Now, I have no problem with people investing their own money in whatever manner and following whatever guidelines they so choose. Many Americans engage in what are essentially non-religious equivalents of shariah-compliant finance, in which credit card companies (for example) promise to only invest your money in “ethical” businesses or “green” projects. Fine by me — your money, do what you want with it. And that includes members of any religion who manage their money according to any religious laws of their choosing.

But the matter becomes much more problematic when such guidelines start creeping into government policy. Obviously, the United States government has not dabbled in anything resembling shariah-compliant finance — yet. But just as shariah finance has begun to creep into other Western nations such as Canada and Britain, it may soon begin to appear in the U.S. as well. Is this selection by Obama of Ms. Ali for a White House position a signal of what could be coming soon?

I also have no problem with Ms. Ali pursuing whatever legal specialty she chooses, and wish her a successful career. She sounds like a bright young woman.
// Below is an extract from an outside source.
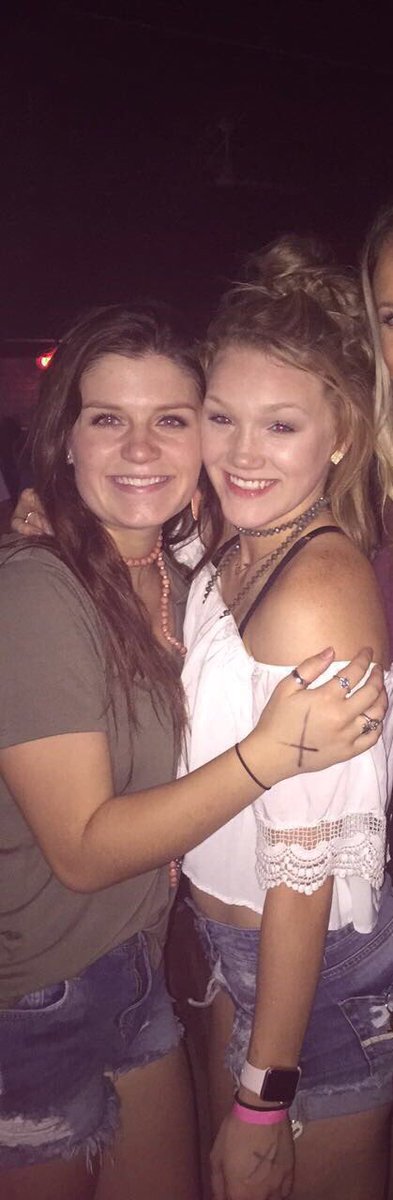 kaaiterbugg's tweet photo. happy happy happpppy 21st birthday to my Emmy baby!!!!!💜💜 i hope your day is the best😘 i love your sweet face!! #parrrtay @EmilyAnnDuncan https://t.co/I4NQzRSD9n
But being bright and successful does not automatically qualify one for working in the White House. There are thousands upon thousands of bright and successful people in this country, and only a tiny handful get chosen for this position. The question comes down to the specifics of one’s personal career path, and whether that merits “high-level” training in real-time at the top echelons of the American government.

Being a White House Fellow means having unparalleled access to the inner circles of power: “White House Fellows typically spend a year working as full-time, paid special assistants to senior White House Staff, the Vice President, Cabinet Secretaries and other top-ranking government officials.”

Hogan Lovells, where she works, is one of the few law firms in the country to specialize in Islamic finance, and Ms. Ali is one of their rising stars in this field. According to the company Web site, Hogan Lovells represents Mashreqbank al Islami bank, Al Baraka, Islamic Development Bank Group, and many other leading shariah-promoting financial institutions in the Middle East; the firm has also won many shariah-finance awards, including “Best Mudarabah Deal of the Year,” “Best Sukuk Deal of the Year,” and many others

According to the White House press release, Ms. Ali “is a founding member of the first U.S. Delegation to the World Islamic Economic Forum.” But, as observers pointed out at the time, “it was at the World Islamic Economic Forum where key leaders declared Shariah Finance to be ‘dawa’ (missionary) activity to promote Islam and Shariah.”


Of all the promising young people in the country, why choose this specific one for a paid position in the White House?

The tradition of appointing “White House Fellows” dates back to the Johnson administration and has never before attracted any controversy. And if one looks at the other 12 Fellows named this year, none of them are controversial in the slightest, nor have any Fellows picked by earlier presidents ever caused a stir. So: Why now? Why, in the midst of the worst financial crisis our country has faced in 70 years, does the president choose an expert in Islamic finance to get training in the White House?